• **Exercise description**
When the line with "Port Authority C-FREE" appears below, start repeating lines exactly, and keep going through the line with "Bamboo Charcoal Blackhead"; add nothing outside that span.

• **Data to process**

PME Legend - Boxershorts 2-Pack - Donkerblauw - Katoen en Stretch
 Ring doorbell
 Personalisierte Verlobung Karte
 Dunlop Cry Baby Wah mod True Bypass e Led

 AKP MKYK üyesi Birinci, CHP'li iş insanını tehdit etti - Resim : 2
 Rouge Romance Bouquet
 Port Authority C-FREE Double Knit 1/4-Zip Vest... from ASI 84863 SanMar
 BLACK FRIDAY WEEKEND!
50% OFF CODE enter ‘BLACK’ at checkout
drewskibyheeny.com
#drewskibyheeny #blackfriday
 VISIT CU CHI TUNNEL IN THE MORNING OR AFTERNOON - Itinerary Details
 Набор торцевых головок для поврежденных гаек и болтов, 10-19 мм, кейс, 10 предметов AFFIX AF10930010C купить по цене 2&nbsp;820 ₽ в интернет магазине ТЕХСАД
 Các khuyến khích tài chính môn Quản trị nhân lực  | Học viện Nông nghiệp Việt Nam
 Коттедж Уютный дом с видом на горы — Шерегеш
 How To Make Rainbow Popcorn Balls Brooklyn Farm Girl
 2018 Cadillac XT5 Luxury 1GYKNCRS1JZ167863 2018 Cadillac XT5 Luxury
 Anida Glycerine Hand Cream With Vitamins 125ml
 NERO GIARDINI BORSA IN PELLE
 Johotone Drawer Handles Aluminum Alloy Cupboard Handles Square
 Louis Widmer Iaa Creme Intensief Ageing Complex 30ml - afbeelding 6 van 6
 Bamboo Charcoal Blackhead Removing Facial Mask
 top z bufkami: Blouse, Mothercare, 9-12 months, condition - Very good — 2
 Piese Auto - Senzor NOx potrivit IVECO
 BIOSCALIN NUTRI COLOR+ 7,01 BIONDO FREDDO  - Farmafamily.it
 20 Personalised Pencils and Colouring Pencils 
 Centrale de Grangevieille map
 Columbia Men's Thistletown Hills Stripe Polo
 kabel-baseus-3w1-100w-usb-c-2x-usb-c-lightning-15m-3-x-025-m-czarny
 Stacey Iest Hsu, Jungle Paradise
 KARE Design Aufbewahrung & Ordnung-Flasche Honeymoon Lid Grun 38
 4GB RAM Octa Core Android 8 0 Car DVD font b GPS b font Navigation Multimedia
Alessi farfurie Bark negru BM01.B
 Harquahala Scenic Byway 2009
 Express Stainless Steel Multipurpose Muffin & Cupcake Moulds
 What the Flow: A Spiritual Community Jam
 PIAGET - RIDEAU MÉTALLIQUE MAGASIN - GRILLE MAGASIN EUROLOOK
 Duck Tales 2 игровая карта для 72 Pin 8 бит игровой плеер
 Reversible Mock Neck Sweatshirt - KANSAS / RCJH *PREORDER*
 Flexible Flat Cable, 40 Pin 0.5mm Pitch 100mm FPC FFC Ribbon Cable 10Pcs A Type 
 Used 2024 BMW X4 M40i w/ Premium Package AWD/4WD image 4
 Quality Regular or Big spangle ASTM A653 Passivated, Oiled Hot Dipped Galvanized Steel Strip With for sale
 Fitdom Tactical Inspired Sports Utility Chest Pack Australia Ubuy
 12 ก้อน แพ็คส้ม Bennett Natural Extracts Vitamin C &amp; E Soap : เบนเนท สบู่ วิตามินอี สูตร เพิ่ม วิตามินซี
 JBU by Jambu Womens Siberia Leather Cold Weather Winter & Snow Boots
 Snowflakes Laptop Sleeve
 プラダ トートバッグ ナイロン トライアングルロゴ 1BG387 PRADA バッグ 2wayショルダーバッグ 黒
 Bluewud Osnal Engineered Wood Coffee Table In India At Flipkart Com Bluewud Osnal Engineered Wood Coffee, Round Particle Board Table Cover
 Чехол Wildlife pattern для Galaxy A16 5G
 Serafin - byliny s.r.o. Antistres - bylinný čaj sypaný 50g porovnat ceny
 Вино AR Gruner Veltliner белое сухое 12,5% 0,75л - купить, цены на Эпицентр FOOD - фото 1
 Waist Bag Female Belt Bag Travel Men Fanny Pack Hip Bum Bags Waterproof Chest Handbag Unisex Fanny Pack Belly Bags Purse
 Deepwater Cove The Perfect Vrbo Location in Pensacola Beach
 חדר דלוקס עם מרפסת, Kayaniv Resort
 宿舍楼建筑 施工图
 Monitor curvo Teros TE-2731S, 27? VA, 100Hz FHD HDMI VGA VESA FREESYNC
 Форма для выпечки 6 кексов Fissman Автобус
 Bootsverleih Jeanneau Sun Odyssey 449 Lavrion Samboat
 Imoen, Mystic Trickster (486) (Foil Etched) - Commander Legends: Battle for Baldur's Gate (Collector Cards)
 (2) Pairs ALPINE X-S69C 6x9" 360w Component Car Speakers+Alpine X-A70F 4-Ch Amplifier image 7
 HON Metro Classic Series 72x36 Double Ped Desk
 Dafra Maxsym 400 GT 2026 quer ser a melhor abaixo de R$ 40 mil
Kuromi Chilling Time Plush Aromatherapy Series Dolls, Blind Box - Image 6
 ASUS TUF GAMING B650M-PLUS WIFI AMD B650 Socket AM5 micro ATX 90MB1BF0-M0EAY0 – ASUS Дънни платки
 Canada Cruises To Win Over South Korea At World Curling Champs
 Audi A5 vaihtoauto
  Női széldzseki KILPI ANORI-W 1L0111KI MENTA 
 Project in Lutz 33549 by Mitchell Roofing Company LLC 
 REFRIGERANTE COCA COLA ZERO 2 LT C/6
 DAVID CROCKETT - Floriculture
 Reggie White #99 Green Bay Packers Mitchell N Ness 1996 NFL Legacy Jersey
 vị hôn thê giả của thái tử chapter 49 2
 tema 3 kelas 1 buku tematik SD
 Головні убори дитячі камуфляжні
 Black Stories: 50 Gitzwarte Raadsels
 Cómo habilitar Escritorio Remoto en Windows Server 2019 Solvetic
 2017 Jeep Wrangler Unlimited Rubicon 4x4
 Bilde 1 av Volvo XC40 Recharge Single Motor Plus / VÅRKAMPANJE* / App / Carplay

• **Written answer**
 Port Authority C-FREE Double Knit 1/4-Zip Vest... from ASI 84863 SanMar
 BLACK FRIDAY WEEKEND!
50% OFF CODE enter ‘BLACK’ at checkout
drewskibyheeny.com
#drewskibyheeny #blackfriday
 VISIT CU CHI TUNNEL IN THE MORNING OR AFTERNOON - Itinerary Details
 Набор торцевых головок для поврежденных гаек и болтов, 10-19 мм, кейс, 10 предметов AFFIX AF10930010C купить по цене 2&nbsp;820 ₽ в интернет магазине ТЕХСАД
 Các khuyến khích tài chính môn Quản trị nhân lực  | Học viện Nông nghiệp Việt Nam
 Коттедж Уютный дом с видом на горы — Шерегеш
 How To Make Rainbow Popcorn Balls Brooklyn Farm Girl
 2018 Cadillac XT5 Luxury 1GYKNCRS1JZ167863 2018 Cadillac XT5 Luxury
 Anida Glycerine Hand Cream With Vitamins 125ml
 NERO GIARDINI BORSA IN PELLE
 Johotone Drawer Handles Aluminum Alloy Cupboard Handles Square
 Louis Widmer Iaa Creme Intensief Ageing Complex 30ml - afbeelding 6 van 6
 Bamboo Charcoal Blackhead Removing Facial Mask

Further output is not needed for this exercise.